Task directions: A word-for-word reproduction of the data below is needed, with no pictures in it.

+++++

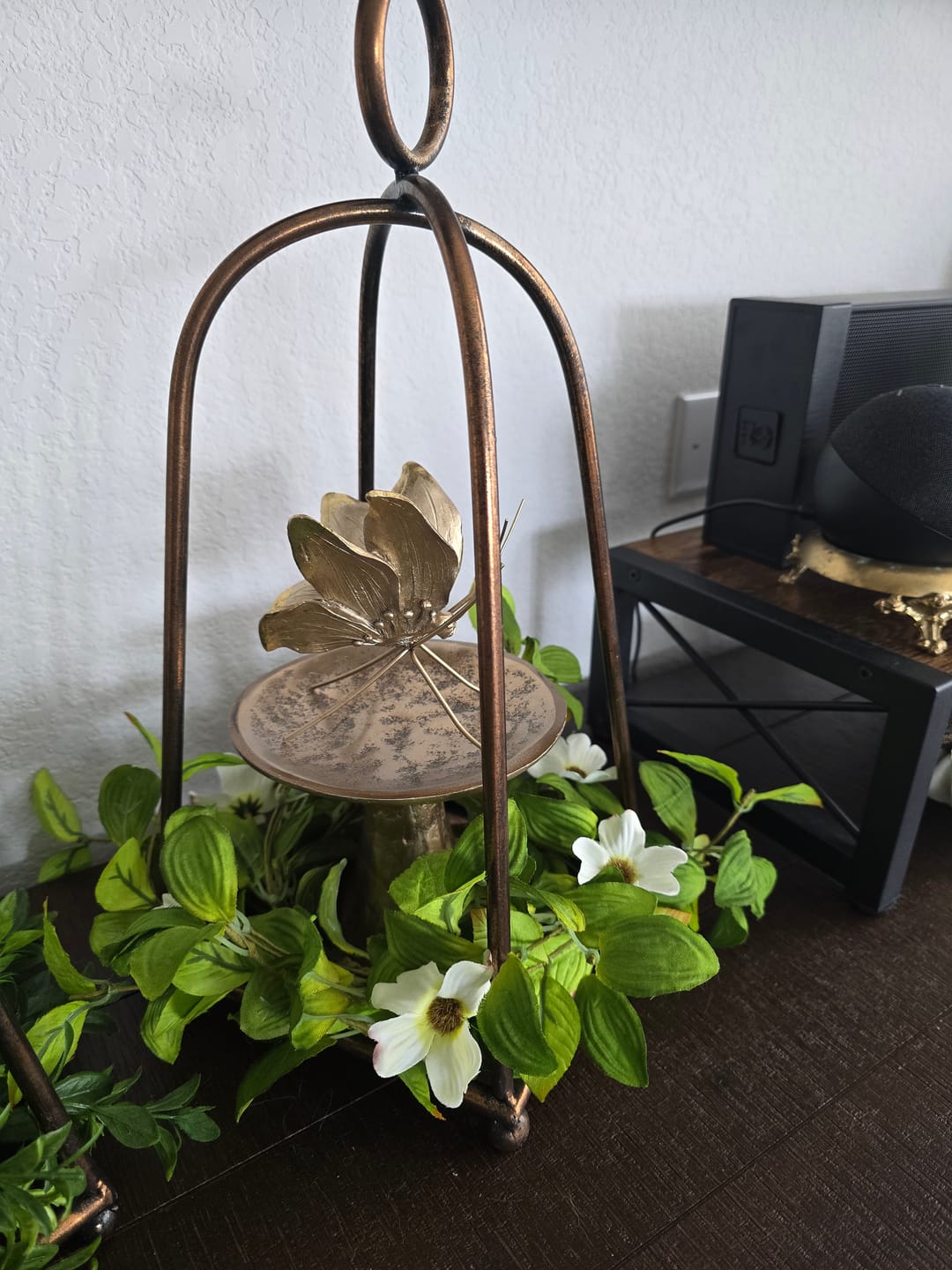 Customer photo review of Hammered Gold Pillar Holder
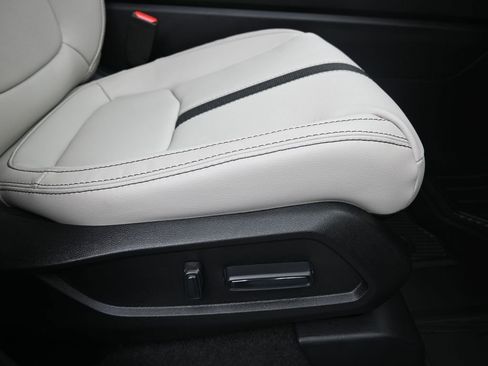 New 2026 Honda Pilot EX-L image 10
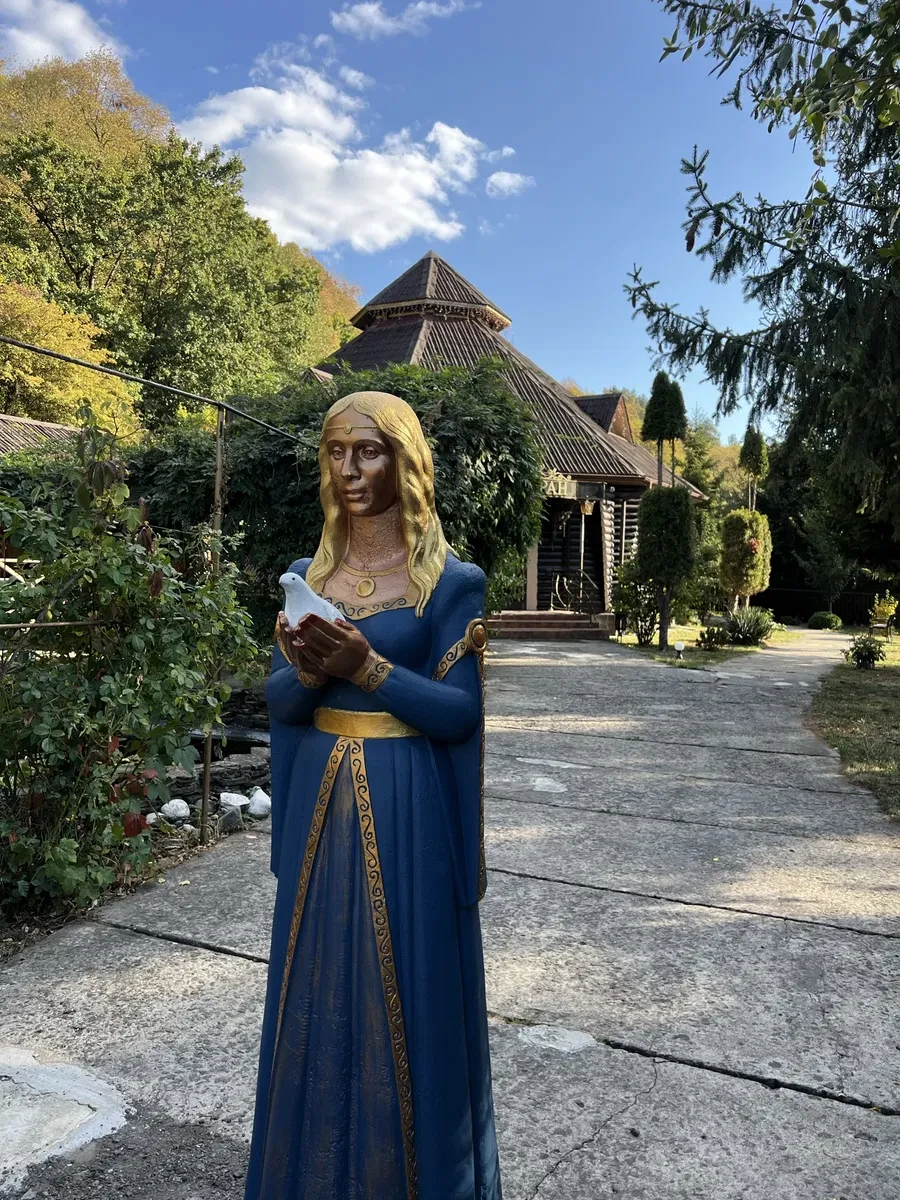 Готель, Ужгород: Шервуд, готові комунікації - фото 2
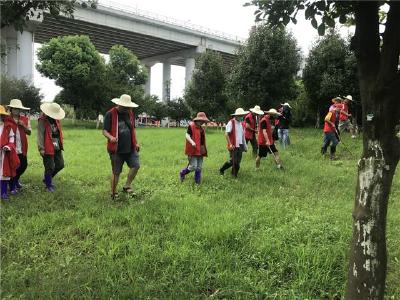 沙市区北湖路社区：巡堤查险 江堤飘起“志愿红”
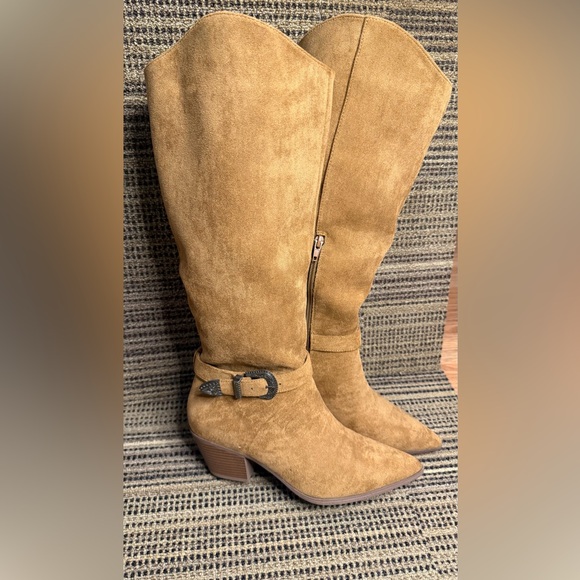 Shoes - Portland Tan Suede Boots Sz 8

+++++

Answer:
 Customer photo review of Hammered Gold Pillar Holder
 New 2026 Honda Pilot EX-L image 10
 Готель, Ужгород: Шервуд, готові комунікації - фото 2
 沙市区北湖路社区：巡堤查险 江堤飘起“志愿红”
 Shoes - Portland Tan Suede Boots Sz 8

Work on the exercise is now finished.